# What you have to do:
Pictures are to be left out. Return exactly the lines below from the one with "Nina - rencontre-Teen-Arles" up to and including the one with "Classi di prestazione energetica".

# Record set:
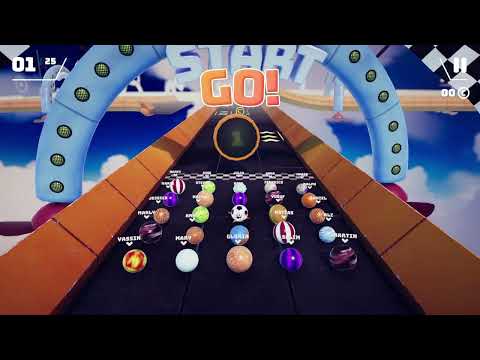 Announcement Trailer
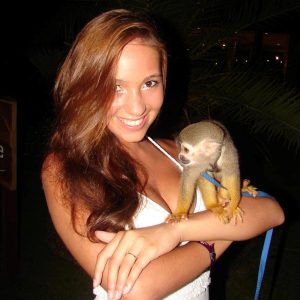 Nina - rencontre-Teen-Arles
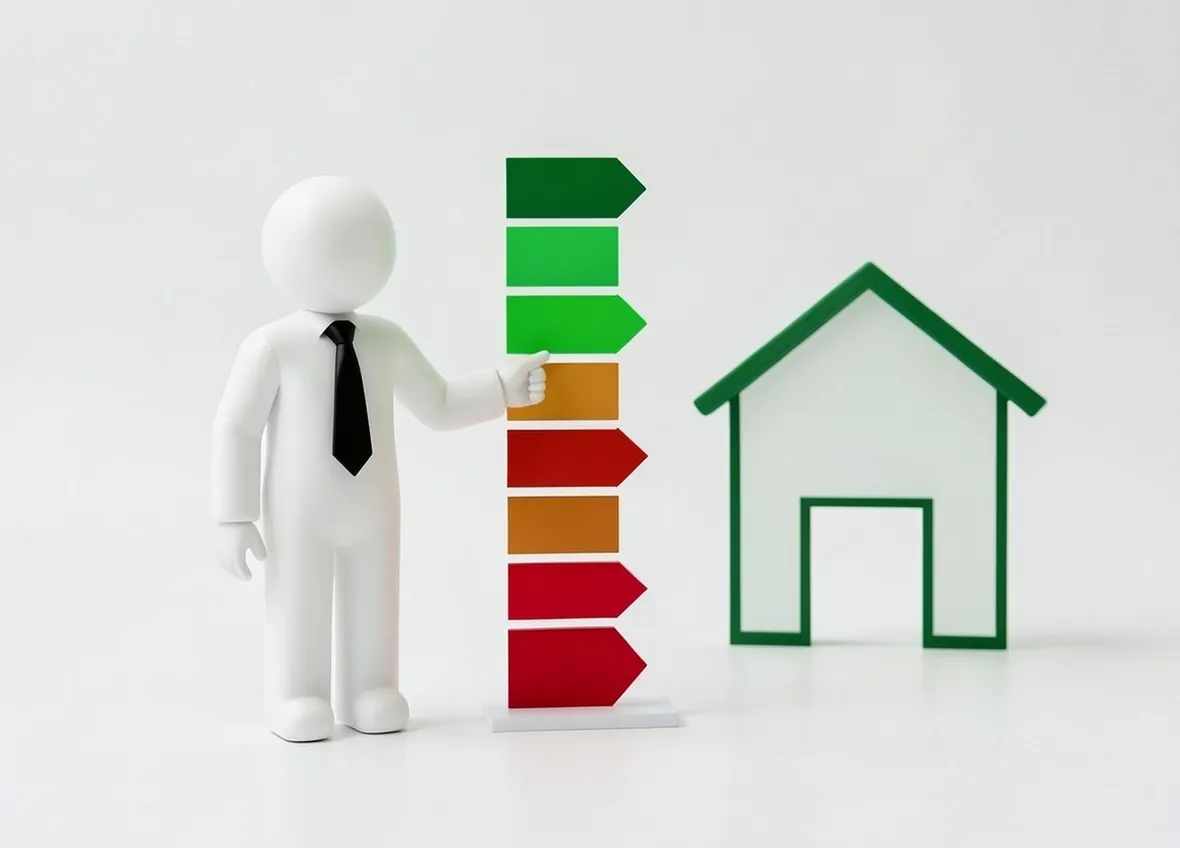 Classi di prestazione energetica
* * *
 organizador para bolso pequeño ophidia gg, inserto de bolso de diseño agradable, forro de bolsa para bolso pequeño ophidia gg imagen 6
...
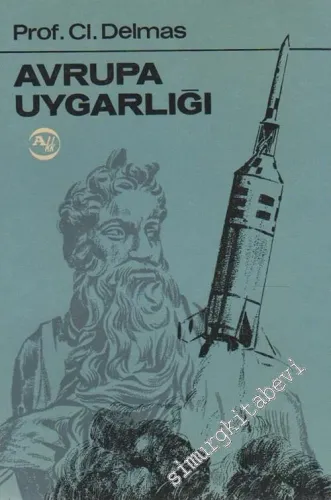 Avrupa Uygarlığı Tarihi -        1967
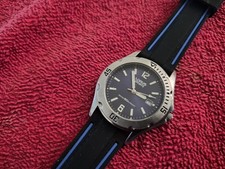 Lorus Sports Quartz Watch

# Response to the task:
 Nina - rencontre-Teen-Arles
 Classi di prestazione energetica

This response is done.